FROM the opening bars of Over The Rainbow played on a lone trumpet, it's clear we're in Coronation Street country in Tony Cownie's revival of Shelagh Delaney's neglected back-street classic.

History has lumped Delaney's boisterous yarn concerning clever clogs teenage school-girl Jo and her extended dysfunctional family in with the kitchen-sink social-realist set by way of Tony Richardson's big-screen version. In truth, it is more playful than that, both in its writing and playing style.

If anything, the straight-to-audience asides need accentuated more on Janet Bird's revolving boarding house set, as if the characters are doing a turn in the local social club.
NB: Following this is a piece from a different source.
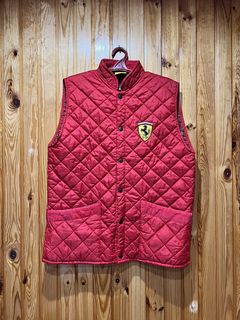 Men's Ferrari Vests | Grailed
Delaney's writing is peppered throughout with enough acerbic bon mots and witheringly dry put-downs to resemble a series of heightened routines played to the max by Rebecca Ryan's stern-faced Jo and Lucy Black as her bottled-blonde mother, Helen.

Helen is a terminal survivor living on her faded looks with a succession of cash-flashing fancy-men, the latest of which comes in the form of Keith Fleming's eye-patched big-mouth, Peter. Jo's escape comes through a street-smart precociousness and a blossoming artistic temperament nipped cruelly in the bud when she falls pregnant by Adrian Decosta's black sailor, and sets up a home of sorts with Charlie Ryan's gay art student, Geoffrey.

It's hard to convey just how shocking all this was back in 1958, and the play is crying out for a radical re-invention. This isn't it, but through a winning set of performances, it remains a loving depiction of a play that paved the cobbled way for a grittier, wittier form of play for today.